PROVIDED ENTRIES section start
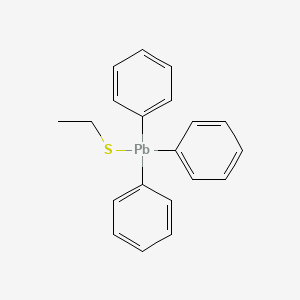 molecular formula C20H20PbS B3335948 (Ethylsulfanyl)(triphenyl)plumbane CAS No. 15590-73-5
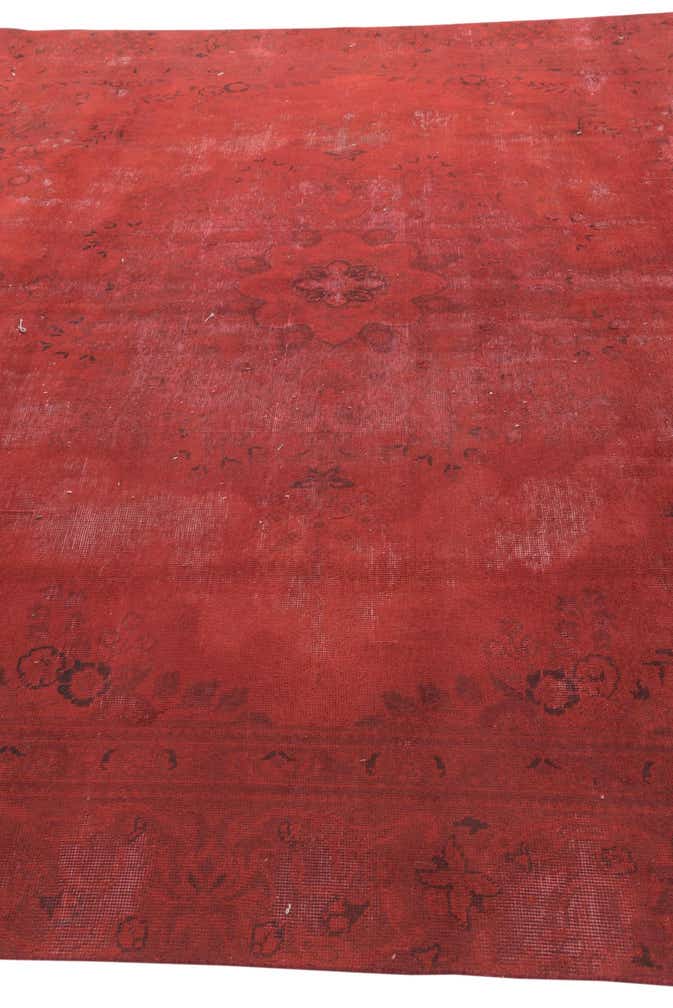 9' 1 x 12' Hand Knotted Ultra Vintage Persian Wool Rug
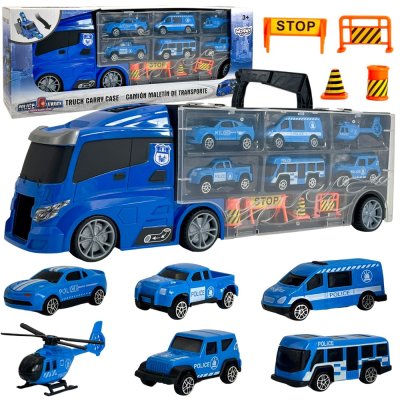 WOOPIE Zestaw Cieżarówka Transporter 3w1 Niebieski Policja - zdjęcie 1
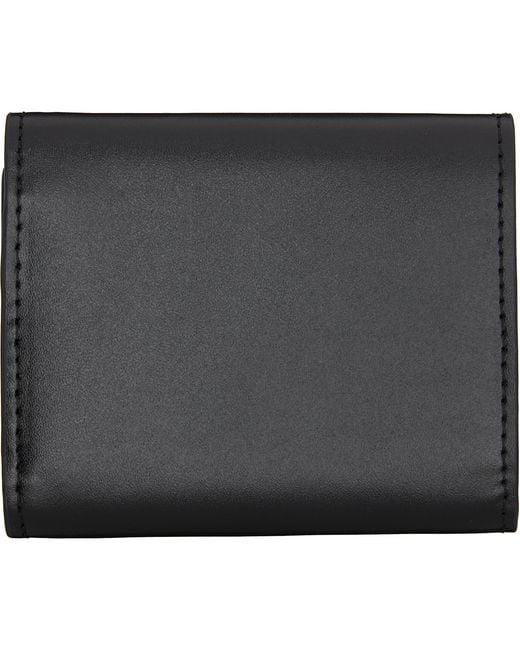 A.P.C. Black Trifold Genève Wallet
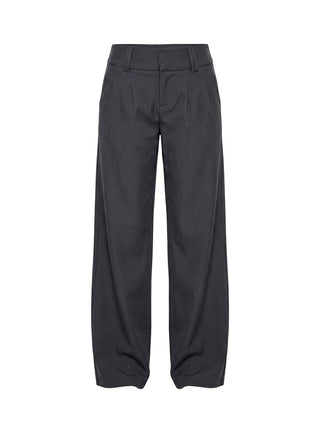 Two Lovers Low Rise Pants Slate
PROVIDED ENTRIES section end
## YOUR OBJECTIVE
Only lines from the one holding "A.P.C. Black Trifold Genève Wallet" through the last line of the entries above are wanted, both ends included, each retyped exactly; no pictures.

## WRITTEN SOLUTION
 A.P.C. Black Trifold Genève Wallet
 Two Lovers Low Rise Pants Slate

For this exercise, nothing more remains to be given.